>>>

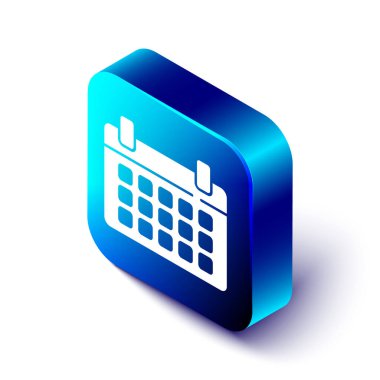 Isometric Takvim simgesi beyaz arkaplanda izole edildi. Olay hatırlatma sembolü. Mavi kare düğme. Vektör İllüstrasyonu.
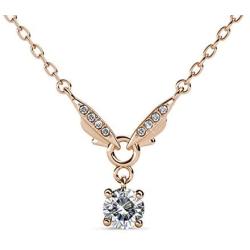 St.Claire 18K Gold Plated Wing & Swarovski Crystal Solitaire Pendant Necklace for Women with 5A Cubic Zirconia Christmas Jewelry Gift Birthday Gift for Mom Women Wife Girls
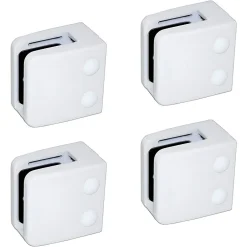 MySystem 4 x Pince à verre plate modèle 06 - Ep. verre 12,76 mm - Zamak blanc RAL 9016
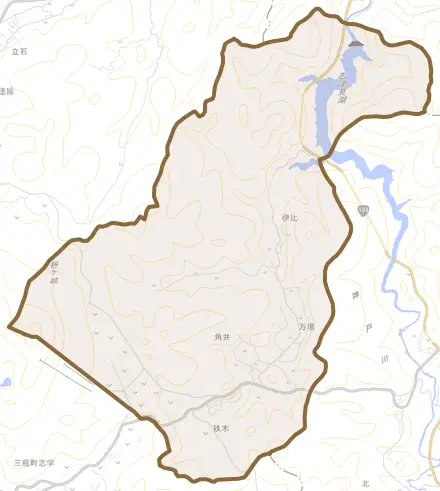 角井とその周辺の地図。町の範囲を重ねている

<<<
>>>

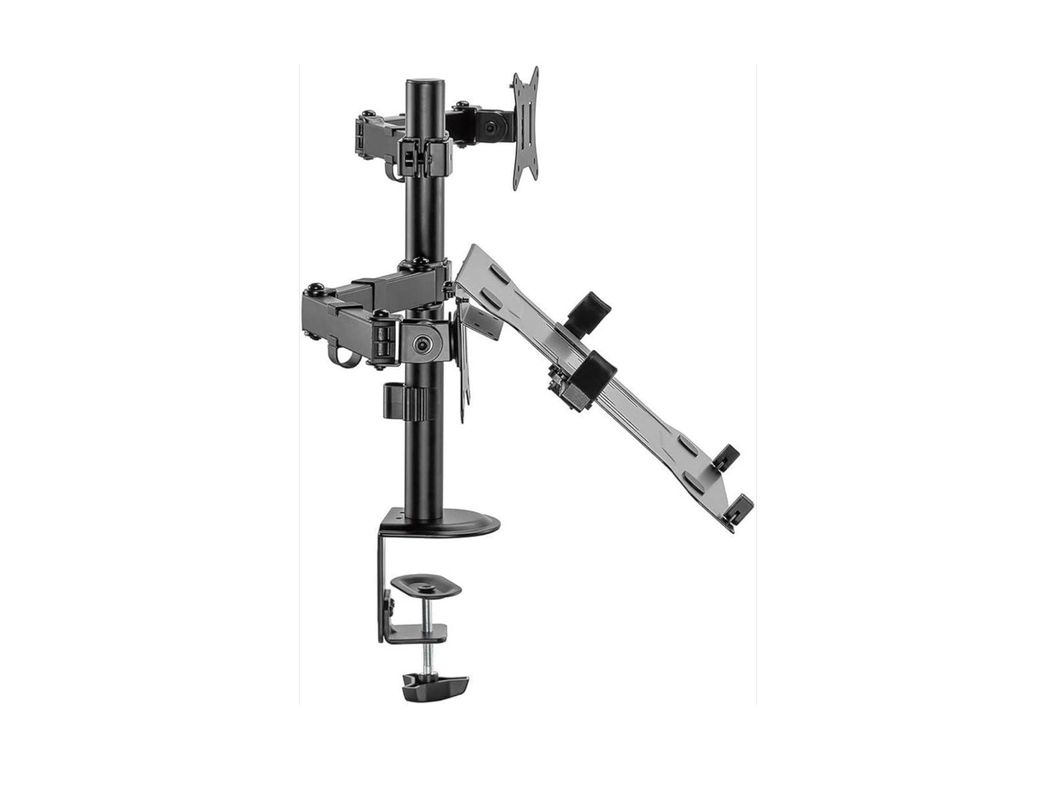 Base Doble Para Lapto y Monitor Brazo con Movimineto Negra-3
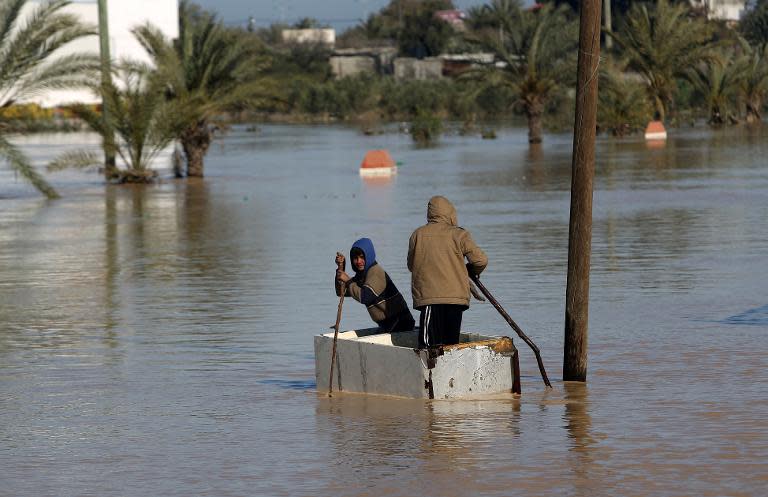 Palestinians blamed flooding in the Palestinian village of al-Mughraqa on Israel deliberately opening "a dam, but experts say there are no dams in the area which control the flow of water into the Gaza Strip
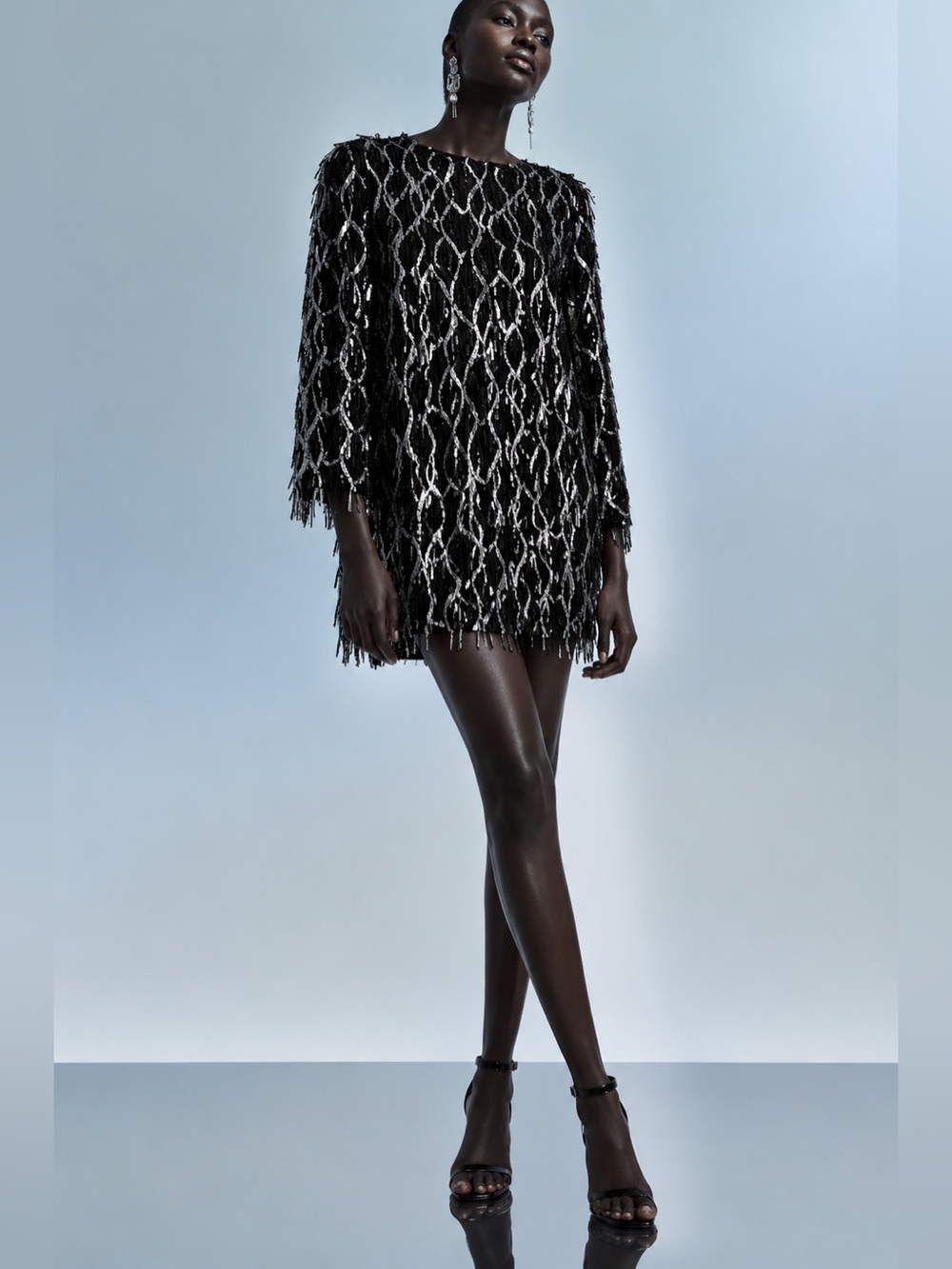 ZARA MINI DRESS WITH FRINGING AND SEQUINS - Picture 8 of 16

<<<
>>>

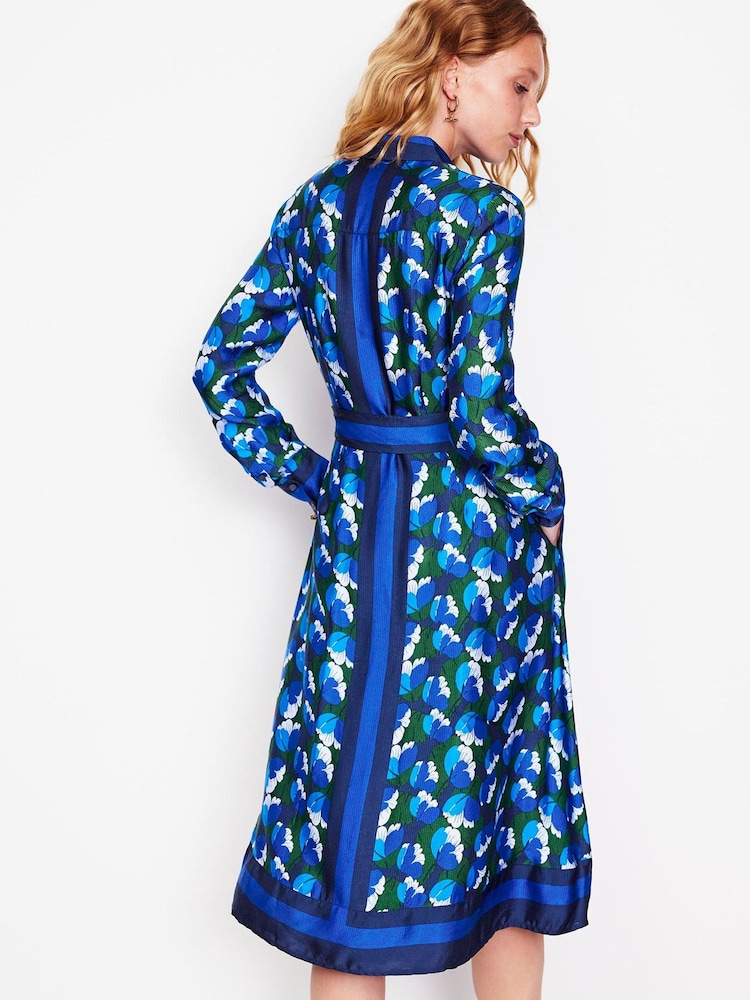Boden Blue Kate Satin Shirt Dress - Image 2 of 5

<<<

### DESCRIPTION OF THE TASK
From the data above, retype only the lines starting with the line with "Isometric Takvim simgesi" and going on through the line with "角井とその周辺の地図。町の範囲を重ねている", exactly, leaving out the pictures.

### PROBLEM SOLUTION
 Isometric Takvim simgesi beyaz arkaplanda izole edildi. Olay hatırlatma sembolü. Mavi kare düğme. Vektör İllüstrasyonu.
 St.Claire 18K Gold Plated Wing & Swarovski Crystal Solitaire Pendant Necklace for Women with 5A Cubic Zirconia Christmas Jewelry Gift Birthday Gift for Mom Women Wife Girls
 MySystem 4 x Pince à verre plate modèle 06 - Ep. verre 12,76 mm - Zamak blanc RAL 9016
 角井とその周辺の地図。町の範囲を重ねている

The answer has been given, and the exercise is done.